Requirement> Return exactly the listing's lines, from its first line to the line holding "Platinum Profile 35", ends included.

════════════════════

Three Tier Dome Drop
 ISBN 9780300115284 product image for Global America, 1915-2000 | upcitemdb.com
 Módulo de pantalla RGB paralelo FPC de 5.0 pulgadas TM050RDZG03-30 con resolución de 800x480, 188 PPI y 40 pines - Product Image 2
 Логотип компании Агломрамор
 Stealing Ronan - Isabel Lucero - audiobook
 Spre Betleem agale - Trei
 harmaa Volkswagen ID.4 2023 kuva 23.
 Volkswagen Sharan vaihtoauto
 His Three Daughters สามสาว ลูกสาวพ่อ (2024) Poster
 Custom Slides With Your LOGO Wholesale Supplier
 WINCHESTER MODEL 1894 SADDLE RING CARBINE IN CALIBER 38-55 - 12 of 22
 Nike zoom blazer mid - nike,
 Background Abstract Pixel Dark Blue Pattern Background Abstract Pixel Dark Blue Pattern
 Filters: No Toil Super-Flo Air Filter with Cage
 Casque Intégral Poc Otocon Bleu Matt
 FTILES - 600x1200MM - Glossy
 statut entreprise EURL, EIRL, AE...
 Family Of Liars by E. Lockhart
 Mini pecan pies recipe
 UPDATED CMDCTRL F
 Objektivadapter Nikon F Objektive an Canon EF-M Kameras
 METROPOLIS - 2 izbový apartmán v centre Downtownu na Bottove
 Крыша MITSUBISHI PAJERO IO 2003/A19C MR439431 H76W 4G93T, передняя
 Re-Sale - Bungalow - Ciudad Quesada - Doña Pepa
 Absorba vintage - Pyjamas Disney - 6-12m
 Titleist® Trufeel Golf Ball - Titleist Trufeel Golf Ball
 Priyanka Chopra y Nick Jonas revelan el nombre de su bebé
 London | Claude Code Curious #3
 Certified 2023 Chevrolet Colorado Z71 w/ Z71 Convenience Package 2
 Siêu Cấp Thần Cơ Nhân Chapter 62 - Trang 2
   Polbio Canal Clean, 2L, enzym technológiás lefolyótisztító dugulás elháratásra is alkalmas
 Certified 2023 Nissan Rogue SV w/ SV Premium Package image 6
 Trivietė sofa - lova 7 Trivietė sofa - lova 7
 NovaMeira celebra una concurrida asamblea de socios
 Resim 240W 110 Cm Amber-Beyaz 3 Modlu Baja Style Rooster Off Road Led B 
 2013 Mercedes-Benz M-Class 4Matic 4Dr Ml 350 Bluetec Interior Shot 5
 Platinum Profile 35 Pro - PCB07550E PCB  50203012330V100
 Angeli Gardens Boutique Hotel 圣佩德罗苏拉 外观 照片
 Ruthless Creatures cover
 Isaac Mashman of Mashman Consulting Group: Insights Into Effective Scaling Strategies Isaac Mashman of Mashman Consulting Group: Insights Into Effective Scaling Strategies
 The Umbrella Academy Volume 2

════════════════════

Solution to the exercise>
Three Tier Dome Drop
 ISBN 9780300115284 product image for Global America, 1915-2000 | upcitemdb.com
 Módulo de pantalla RGB paralelo FPC de 5.0 pulgadas TM050RDZG03-30 con resolución de 800x480, 188 PPI y 40 pines - Product Image 2
 Логотип компании Агломрамор
 Stealing Ronan - Isabel Lucero - audiobook
 Spre Betleem agale - Trei
 harmaa Volkswagen ID.4 2023 kuva 23.
 Volkswagen Sharan vaihtoauto
 His Three Daughters สามสาว ลูกสาวพ่อ (2024) Poster
 Custom Slides With Your LOGO Wholesale Supplier
 WINCHESTER MODEL 1894 SADDLE RING CARBINE IN CALIBER 38-55 - 12 of 22
 Nike zoom blazer mid - nike,
 Background Abstract Pixel Dark Blue Pattern Background Abstract Pixel Dark Blue Pattern
 Filters: No Toil Super-Flo Air Filter with Cage
 Casque Intégral Poc Otocon Bleu Matt
 FTILES - 600x1200MM - Glossy
 statut entreprise EURL, EIRL, AE...
 Family Of Liars by E. Lockhart
 Mini pecan pies recipe
 UPDATED CMDCTRL F
 Objektivadapter Nikon F Objektive an Canon EF-M Kameras
 METROPOLIS - 2 izbový apartmán v centre Downtownu na Bottove
 Крыша MITSUBISHI PAJERO IO 2003/A19C MR439431 H76W 4G93T, передняя
 Re-Sale - Bungalow - Ciudad Quesada - Doña Pepa
 Absorba vintage - Pyjamas Disney - 6-12m
 Titleist® Trufeel Golf Ball - Titleist Trufeel Golf Ball
 Priyanka Chopra y Nick Jonas revelan el nombre de su bebé
 London | Claude Code Curious #3
 Certified 2023 Chevrolet Colorado Z71 w/ Z71 Convenience Package 2
 Siêu Cấp Thần Cơ Nhân Chapter 62 - Trang 2
   Polbio Canal Clean, 2L, enzym technológiás lefolyótisztító dugulás elháratásra is alkalmas
 Certified 2023 Nissan Rogue SV w/ SV Premium Package image 6
 Trivietė sofa - lova 7 Trivietė sofa - lova 7
 NovaMeira celebra una concurrida asamblea de socios
 Resim 240W 110 Cm Amber-Beyaz 3 Modlu Baja Style Rooster Off Road Led B 
 2013 Mercedes-Benz M-Class 4Matic 4Dr Ml 350 Bluetec Interior Shot 5
 Platinum Profile 35 Pro - PCB07550E PCB  50203012330V100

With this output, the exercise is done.